HOW TO COMPLETE THIS TASK
Using the listing below, report each line holding the string "Classic".

========================================================================

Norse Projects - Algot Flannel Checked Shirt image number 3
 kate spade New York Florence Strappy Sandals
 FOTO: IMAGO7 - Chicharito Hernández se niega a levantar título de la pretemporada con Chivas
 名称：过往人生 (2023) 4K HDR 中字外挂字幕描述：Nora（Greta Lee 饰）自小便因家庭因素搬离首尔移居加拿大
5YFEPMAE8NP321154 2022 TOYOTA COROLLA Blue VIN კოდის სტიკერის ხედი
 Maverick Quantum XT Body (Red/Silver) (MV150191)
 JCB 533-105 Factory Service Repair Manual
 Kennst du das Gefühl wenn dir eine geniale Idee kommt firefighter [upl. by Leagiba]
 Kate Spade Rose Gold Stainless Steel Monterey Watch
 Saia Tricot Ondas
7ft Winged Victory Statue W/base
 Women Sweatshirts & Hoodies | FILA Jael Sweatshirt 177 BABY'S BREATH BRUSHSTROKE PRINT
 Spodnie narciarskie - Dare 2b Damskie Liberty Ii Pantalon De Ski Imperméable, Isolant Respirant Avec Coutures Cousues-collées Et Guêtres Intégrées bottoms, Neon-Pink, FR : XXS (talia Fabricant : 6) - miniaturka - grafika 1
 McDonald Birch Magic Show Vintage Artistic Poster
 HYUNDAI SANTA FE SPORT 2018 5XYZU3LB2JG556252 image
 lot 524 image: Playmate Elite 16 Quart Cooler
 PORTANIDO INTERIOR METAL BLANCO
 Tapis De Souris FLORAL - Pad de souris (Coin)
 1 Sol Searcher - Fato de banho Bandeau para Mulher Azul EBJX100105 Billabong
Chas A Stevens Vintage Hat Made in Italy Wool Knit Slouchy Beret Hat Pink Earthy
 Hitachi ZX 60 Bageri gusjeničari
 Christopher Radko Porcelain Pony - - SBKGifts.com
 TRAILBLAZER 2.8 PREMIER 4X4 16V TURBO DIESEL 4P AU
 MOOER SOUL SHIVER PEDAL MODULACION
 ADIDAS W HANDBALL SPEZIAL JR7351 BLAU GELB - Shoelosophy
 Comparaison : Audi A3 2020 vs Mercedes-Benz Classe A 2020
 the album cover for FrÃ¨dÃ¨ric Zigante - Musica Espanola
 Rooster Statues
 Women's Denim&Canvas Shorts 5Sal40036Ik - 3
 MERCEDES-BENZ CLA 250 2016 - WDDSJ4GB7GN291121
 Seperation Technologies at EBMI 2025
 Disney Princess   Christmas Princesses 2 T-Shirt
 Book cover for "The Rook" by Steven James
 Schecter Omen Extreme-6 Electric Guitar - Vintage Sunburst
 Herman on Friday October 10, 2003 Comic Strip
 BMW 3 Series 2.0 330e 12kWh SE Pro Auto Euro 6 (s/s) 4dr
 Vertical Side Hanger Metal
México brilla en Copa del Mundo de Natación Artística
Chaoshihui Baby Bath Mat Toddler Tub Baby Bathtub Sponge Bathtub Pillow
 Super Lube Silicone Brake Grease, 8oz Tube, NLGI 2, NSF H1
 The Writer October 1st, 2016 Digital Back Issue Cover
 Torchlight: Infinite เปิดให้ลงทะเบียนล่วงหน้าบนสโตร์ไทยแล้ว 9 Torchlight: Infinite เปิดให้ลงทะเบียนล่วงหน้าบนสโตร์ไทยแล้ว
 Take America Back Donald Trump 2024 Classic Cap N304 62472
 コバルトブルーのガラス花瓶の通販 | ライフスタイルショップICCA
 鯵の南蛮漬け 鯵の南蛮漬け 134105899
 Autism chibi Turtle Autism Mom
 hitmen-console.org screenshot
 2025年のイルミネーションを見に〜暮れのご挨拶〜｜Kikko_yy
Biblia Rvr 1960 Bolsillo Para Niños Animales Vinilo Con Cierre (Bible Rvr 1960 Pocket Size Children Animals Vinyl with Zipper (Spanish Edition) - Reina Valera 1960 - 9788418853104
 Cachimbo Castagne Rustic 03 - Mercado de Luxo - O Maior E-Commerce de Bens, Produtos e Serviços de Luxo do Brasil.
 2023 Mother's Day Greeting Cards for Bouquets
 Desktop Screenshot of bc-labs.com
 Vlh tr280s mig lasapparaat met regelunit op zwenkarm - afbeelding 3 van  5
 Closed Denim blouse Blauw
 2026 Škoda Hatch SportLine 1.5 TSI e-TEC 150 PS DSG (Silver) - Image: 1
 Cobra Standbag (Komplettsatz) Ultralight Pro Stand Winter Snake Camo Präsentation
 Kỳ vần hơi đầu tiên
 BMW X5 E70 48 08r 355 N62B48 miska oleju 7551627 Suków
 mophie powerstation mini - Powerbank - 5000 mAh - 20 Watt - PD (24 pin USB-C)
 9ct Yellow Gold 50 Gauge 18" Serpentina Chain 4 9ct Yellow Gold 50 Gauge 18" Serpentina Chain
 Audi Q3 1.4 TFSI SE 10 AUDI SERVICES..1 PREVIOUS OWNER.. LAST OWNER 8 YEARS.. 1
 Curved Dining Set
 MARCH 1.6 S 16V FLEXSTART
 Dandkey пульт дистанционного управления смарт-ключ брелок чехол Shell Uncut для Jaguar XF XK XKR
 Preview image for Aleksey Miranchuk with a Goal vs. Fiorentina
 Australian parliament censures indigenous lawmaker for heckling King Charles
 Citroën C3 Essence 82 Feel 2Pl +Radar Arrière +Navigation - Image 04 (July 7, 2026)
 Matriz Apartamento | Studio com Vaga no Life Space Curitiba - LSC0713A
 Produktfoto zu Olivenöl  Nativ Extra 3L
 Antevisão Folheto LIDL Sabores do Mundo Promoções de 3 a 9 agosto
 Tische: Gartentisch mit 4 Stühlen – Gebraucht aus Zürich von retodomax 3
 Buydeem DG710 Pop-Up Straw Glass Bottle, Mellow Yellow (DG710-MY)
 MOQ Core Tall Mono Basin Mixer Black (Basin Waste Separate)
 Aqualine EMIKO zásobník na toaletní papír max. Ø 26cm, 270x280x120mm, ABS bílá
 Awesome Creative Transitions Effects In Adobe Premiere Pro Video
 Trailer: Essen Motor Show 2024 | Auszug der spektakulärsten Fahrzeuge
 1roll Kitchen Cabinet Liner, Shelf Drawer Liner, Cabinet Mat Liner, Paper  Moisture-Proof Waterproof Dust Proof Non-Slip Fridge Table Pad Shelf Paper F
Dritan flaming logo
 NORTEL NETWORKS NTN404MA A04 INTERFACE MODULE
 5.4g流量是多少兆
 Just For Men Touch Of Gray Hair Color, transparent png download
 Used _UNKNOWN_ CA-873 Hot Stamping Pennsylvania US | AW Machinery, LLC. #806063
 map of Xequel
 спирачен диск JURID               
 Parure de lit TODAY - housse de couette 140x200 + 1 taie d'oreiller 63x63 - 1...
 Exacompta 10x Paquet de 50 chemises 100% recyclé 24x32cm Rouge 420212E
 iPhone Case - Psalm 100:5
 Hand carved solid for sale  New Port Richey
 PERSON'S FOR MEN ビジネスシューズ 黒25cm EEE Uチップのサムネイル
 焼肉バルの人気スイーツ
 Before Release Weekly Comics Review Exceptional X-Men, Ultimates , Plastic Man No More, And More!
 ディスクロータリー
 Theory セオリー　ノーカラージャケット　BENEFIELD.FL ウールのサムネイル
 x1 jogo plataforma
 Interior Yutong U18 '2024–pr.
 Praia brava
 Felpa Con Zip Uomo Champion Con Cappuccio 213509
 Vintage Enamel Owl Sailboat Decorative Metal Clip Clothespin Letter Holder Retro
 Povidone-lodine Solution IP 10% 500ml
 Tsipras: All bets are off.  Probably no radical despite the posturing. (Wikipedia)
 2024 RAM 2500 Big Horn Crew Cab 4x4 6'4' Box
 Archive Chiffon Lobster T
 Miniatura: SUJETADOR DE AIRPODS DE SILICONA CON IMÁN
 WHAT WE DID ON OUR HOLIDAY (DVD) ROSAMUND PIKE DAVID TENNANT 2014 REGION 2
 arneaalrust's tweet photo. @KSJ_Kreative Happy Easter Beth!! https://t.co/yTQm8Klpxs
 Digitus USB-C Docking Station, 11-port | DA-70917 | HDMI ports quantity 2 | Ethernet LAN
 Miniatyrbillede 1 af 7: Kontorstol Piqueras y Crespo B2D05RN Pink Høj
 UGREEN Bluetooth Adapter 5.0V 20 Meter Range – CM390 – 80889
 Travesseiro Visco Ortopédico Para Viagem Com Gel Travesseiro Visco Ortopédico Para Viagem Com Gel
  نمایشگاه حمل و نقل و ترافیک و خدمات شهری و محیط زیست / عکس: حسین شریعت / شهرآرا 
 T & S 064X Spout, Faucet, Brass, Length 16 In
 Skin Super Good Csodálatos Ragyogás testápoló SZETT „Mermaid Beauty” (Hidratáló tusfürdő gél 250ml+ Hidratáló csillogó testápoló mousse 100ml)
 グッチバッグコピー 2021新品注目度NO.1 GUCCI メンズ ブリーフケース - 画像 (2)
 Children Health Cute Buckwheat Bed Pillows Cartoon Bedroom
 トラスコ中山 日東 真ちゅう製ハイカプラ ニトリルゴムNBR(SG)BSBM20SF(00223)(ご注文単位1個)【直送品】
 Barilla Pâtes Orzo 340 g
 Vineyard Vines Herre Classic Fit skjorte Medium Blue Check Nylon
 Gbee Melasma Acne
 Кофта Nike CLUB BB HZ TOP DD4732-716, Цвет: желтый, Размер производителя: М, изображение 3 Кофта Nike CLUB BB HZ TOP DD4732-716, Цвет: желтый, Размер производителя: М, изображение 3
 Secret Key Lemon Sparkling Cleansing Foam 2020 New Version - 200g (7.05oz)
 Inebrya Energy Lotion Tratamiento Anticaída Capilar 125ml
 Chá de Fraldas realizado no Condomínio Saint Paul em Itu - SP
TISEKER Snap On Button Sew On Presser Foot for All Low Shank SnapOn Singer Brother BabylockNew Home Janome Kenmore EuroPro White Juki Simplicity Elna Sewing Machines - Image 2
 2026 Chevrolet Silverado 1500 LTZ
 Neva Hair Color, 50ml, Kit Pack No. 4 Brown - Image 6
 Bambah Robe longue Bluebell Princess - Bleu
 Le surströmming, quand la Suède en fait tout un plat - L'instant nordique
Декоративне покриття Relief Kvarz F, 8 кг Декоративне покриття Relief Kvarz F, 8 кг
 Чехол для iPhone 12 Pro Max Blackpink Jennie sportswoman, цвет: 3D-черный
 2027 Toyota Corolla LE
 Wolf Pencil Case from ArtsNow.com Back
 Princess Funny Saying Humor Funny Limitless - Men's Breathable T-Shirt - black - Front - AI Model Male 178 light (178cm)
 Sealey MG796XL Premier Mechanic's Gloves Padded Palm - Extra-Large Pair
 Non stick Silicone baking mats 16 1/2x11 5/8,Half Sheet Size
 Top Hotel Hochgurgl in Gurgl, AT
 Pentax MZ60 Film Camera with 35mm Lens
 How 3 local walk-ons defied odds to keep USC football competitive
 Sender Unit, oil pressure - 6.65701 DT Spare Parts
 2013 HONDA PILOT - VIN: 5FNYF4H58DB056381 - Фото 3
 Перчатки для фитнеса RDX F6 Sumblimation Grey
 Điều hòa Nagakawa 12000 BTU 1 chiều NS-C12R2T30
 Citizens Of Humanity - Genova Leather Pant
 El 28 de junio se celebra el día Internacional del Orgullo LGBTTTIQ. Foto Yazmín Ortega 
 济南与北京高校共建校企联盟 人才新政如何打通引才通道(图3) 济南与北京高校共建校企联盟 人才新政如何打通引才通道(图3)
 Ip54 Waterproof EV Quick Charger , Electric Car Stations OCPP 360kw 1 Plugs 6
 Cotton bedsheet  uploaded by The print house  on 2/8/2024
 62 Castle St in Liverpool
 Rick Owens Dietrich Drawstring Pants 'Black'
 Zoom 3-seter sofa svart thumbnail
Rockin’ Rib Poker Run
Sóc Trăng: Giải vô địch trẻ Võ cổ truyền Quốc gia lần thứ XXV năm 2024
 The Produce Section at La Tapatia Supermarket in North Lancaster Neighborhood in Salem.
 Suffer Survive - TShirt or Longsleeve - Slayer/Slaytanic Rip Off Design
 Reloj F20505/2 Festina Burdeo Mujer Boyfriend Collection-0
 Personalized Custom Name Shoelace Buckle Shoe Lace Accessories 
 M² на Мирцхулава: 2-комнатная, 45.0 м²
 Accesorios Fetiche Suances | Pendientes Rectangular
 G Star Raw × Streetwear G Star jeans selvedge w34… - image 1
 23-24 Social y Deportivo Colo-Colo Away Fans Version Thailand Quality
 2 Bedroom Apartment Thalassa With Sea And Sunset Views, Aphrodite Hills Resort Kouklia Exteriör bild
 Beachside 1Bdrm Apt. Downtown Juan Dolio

========================================================================

OUTPUT OF THE EXERCISE
 Take America Back Donald Trump 2024 Classic Cap N304 62472
 Vineyard Vines Herre Classic Fit skjorte Medium Blue Check Nylon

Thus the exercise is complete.